Hotel Fauchère and Christopher Bates are special to me. When I first had the idea to research restaurant butter, and sent out the first 100 emails, Christopher Bates replied before anyone else. He sent me this beautiful image of three butters on a white plate. I was thrilled! This was back in 2012. Since then, Bates has moved on, but the butter and comments are still worthy of posting.
Restaurant: Hotel Fauchère is a three-story, historic hotel dating from the 1800s that offers guests a “home away from home” experience. They are part of the Relais & Chateaux fellowship of individually owned and operated luxury hotels and restaurants.
The hotel offers fine dining in The Delmonico Room, a stylish modern brasserie named Bar Louis, and a bakery cafè called Patisserie Fauchère. Delmonic's, which opened in the 1820s, was the first restaurant in America that offered a menu and was known for the quality of its cuisine. What today is thought of as “fine dining” in the early 19th century was available only in private homes or private clubs.

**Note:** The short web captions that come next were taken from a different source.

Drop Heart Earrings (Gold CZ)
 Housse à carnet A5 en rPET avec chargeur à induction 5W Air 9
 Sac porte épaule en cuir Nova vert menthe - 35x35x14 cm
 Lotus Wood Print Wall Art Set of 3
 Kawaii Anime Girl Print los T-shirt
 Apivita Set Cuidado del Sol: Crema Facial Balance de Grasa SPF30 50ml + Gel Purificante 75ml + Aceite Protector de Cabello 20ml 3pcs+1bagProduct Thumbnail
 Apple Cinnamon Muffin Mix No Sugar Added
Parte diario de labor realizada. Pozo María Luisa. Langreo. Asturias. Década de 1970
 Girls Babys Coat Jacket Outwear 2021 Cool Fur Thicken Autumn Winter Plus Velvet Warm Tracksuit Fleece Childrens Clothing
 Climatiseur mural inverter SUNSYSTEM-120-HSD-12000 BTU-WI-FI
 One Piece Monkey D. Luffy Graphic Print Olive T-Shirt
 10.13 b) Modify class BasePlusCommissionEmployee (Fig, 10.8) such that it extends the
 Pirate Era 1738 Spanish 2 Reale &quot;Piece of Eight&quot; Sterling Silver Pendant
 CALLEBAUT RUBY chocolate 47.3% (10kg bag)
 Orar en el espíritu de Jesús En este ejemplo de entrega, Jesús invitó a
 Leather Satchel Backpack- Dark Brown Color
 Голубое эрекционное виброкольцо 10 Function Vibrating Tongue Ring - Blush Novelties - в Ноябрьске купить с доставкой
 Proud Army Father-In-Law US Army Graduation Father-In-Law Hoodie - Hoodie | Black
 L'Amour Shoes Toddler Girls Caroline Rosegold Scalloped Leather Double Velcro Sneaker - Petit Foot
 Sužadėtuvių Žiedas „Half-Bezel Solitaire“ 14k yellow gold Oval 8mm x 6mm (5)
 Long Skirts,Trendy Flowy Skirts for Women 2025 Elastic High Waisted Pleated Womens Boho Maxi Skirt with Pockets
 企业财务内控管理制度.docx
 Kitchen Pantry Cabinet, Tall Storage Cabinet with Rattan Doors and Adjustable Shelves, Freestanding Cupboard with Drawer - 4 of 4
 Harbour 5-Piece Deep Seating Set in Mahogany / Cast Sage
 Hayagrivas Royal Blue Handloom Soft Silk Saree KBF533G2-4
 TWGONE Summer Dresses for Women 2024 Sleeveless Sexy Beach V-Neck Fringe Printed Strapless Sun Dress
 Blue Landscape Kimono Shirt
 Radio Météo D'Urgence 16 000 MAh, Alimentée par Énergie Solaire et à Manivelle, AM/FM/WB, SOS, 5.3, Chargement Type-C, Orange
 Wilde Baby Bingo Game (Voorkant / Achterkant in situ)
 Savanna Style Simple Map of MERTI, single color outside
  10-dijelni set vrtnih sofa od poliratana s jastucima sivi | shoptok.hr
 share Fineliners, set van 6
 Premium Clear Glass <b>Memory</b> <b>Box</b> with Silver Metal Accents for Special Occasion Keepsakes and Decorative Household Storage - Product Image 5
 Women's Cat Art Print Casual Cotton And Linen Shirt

Chef: Christopher Bates grew up in the Finger Lakes region of New York. At 14, he started working in hotels and when he went off to a college, he specialized in Hotel Administration. His love of food and wine took him to Italy and Germany to make wine. Back in the United States, Bates worked in boutique hotels as a general manager, a sommelier, and a chef. When I contacted Hotel Fauchère back in 2012, Christopher Bates was the Executive Chef and General Manager. Along with his brother and his business partner, Bates opened Element Winery located in the Finger Lakes region of New York. Bates passed his Master Sommelier exam after 12 years of study. He is now one of only 229 people worldwide to have earned the title Master Sommelier. Bates writes and teaches about wine and has had his recipes published in various books. Aside from his wine work and cooking, Christopher is equally obsessed with beer, distillates, cocktails, charcuterie and cheese making.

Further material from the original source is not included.